I need about one hundred fifty drafts of a poem to get it right, and fifty more to make it sound spontaneous.”
James Dickey, Poet
You have often heard it said to “grow where you are planted.” Fitting, because plants will grow just about anywhere, no matter the conditions. Whether or not they survive after coming through the soil is quite another feat.
I noticed lately a stretch of mushrooms in the yard. There were small ones popping up near my rose bushes, and larger ones in the backyard reaching toward the pine trees. I also observed they all grew in rows. They did not simply appear in a bunch, but grew along the edging in the rose bed and then in their own outlined row up the hill in the back. Being a neat freak with a preference for order, I appreciated this design.
Despite our weather being odd, warm when it should be cold, and now bitterly cold (it is December after all!), they grew despite the strange and dry weather.
As I studied the beige fungi, I thought how courageous they were to just appear. And then to go in a direction of their choosing. Well, I’m not entirely sure that is how it works. But in my creative, imaginative, writer’s mind, that is what I had decided.
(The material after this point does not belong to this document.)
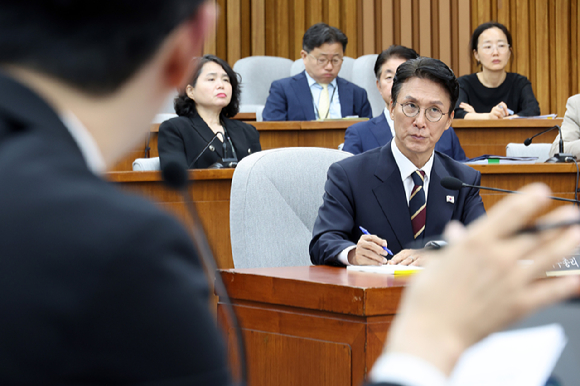 김민석 국무총리 후보자가 25일 서울 여의도 국회에서 열린 인사청문회에서 국민의힘 주진우 의원의 질의를 받고 있다. [사진=연합뉴스]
And sometimes, as writers, we not only appear, but we expand beyond the reaches of either normalcy or what is expected. It takes courage to put our work out there, but we do it because we love what we do.
I was in a writing group where we were tasked to write pieces based upon prompts our host was sharing. One of the prompts asked us to think about challenges we had to overcome in our writing journey. I have had many, as I am sure you have, but my poetry journey stood out in this instance. I wrote more on my challenge in a recent blog post, but in short, I had listened to the negativity so much early in my writing life that I had given it up for a long time. It was only reawakened last year during April’s National Poetry Month.
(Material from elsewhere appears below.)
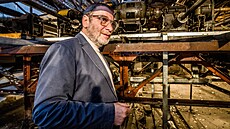 Budova Divadla na Vinohradech se nachází v nevyhovujícím stavu. Nefunk�ní je...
Negativity, criticism, and disbelief that we can ever become anyone with our writing can bring us down for sure. Or we might experience other challenges—health, disasters, economic problems—that can trip us up in our writing travels for a while because now our focus is needed elsewhere.
In all my many years of writing, in various forms, I have not always known the direction I should aim. But I keep moving. I keep writing, knowing my labor in penning amazing stories and words is not wasted.
We can choose our direction in our writing journey. Or we may simply choose the destination and remain open to the various routes that get us there.
The key is to write where you are in life despite your current environment. You might only write a little before you write more. But pretty soon, you will have a trail of work behind you as you lead the way in your journey.